While traditional lead-acid battery types remain popular and reliable, newer and more innovative lead-acid technologies, as well as alternatives such as lithium-ion (Li-ion) are giving operators opportunities to improve their daily operations and reduce total cost of ownership. Martin Walsh, TPPL product manager EMEA at EnerSys, offers 10 points to consider when seeking to benefit from these new technologies

•  Maximising the vehicles’ time in productive use

Challenge: When using vehicles with traditional batteries in multi-shift operations, production time is lost as discharged batteries must be exchanged. Spare batteries  incur extra cost and space requirements.

Solution: Thin Plate Pure Lead (TPPL) VRLA batteries allow vehicles to be used continuously, even in a multi-shift environment. They accept high charge rates, and allow opportunity charging during natural breaks within a shift; batteries stay within the truck, so swap-out time is eliminated.

•   Charging in situ

Challenge: Flooded cell batteries release oxy-hydrogen gas and acid vapours during charging. Therefore, they must be charged within a dedicated room with extraction capability to avoid health risks and product contamination.

Solution: Choose batteries that do not gas during charging. The cost and space of supplying an equipped charging room is avoided, as is the disruption of vehicles traversing between production, warehouse and charging areas.

•   Controlling maintenance costs

Challenge: Flooded cell batteries have a significant maintenance requirement, with a need for regular water top-ups. These are time-consuming, pose risks for operators and to the factory floor and, in larger facilities, incur substantial water bills.

Solution: More recent VRLA lead-acid types save maintenance time, risk and costs as their internal recombination processes mean that they do not require water top-ups.

•   Minimising energy costs

Challenge: Flooded lead-acid batteries require overcharging levels of 10 to 20% to generate acid mixing and minimise stratification. This adds to the facility’s energy costs and impacts its green footprint.
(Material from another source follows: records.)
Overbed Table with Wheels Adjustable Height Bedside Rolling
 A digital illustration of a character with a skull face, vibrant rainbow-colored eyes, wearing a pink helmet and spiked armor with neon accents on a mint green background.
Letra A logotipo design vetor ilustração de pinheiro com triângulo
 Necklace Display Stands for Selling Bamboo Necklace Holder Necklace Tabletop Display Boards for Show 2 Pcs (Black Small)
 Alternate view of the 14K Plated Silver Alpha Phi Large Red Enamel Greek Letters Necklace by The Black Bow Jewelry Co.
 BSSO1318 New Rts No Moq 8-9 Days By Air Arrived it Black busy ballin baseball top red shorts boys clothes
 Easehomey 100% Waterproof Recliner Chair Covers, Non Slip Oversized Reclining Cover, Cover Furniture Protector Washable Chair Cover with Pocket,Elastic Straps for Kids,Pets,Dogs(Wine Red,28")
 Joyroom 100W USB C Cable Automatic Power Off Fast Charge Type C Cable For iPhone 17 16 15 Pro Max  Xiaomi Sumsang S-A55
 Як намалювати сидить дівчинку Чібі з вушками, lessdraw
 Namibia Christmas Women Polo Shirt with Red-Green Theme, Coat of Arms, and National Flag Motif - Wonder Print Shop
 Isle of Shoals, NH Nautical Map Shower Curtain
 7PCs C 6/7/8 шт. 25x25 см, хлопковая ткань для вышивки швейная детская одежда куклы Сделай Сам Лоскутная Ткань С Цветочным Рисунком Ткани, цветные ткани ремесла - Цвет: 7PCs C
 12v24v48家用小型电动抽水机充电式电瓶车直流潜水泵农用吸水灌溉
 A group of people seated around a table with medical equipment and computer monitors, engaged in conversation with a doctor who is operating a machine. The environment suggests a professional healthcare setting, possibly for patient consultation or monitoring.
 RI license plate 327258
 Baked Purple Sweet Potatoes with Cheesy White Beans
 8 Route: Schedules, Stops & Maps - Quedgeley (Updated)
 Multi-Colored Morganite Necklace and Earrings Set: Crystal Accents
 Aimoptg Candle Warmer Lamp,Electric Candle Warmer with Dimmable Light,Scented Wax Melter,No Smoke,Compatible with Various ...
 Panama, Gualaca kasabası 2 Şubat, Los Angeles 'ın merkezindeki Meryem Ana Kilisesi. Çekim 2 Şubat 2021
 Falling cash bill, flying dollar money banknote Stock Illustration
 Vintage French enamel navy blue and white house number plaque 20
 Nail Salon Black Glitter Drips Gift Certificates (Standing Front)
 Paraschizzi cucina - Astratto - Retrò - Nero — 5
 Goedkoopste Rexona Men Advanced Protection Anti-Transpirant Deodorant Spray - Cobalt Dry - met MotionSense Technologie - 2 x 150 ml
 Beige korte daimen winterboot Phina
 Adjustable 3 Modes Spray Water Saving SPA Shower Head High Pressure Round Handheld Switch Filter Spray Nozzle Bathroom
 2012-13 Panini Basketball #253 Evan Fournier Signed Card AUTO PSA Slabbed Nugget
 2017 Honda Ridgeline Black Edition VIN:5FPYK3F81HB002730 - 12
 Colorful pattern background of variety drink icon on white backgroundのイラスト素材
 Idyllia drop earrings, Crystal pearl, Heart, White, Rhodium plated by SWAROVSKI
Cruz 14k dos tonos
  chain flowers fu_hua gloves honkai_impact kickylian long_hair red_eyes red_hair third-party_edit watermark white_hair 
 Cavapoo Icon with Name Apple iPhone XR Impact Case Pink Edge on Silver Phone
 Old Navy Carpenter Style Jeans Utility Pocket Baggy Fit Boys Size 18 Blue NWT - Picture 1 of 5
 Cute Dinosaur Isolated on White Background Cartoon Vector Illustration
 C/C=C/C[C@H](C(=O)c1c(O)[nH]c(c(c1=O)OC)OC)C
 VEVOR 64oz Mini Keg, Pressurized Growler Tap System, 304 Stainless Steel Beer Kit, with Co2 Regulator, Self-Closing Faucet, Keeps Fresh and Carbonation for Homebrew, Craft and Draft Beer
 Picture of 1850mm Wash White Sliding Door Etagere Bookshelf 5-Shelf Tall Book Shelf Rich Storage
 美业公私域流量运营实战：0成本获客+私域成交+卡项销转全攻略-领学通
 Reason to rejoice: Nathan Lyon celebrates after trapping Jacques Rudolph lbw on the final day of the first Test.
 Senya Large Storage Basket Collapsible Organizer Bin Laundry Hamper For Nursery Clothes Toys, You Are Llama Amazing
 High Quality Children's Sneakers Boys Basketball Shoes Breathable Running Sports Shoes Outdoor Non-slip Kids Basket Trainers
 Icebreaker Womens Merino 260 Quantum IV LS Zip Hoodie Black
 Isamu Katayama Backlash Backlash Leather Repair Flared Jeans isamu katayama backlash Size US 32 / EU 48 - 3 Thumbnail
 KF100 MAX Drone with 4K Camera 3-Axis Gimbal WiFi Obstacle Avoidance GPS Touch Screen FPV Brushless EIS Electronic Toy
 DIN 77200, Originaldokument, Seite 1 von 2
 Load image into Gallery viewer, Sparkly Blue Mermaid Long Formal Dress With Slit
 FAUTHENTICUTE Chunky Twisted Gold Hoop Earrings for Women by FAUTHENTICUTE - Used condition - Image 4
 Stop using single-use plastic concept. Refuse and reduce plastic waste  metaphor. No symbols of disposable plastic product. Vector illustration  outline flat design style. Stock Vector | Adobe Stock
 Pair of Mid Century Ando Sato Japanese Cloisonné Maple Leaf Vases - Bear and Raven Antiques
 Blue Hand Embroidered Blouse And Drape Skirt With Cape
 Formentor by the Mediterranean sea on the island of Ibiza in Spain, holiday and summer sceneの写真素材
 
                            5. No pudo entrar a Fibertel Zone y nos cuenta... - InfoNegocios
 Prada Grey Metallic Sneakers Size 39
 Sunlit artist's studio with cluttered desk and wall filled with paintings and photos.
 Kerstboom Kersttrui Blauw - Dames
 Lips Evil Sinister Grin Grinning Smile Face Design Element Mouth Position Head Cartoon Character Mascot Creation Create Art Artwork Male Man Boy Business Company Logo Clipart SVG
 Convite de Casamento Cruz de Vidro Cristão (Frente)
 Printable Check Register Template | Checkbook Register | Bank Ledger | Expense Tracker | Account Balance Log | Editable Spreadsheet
Solution: Battery technologies available today require lower overcharging, at typically 8 to 10%. Up to 30% energy savings can be achieved by using such batteries with suitable chargers.

•   Reducing replacement rates

Challenge: Ongoing capital costs for traditional batteries are higher than necessary because of their operational life cycle limits.

Solution: Innovative lead-acid batteries offer cost-savings through improved operating life, with expectation of 1500 – 1600 cycles at 60% Depth of Discharge (DoD) for current designs. They are suitable for use in Partial State of Charge (PSoC) applications.

•   Reducing space requirements

Challenge: Compact trucks are required for narrow aisles and other confined areas.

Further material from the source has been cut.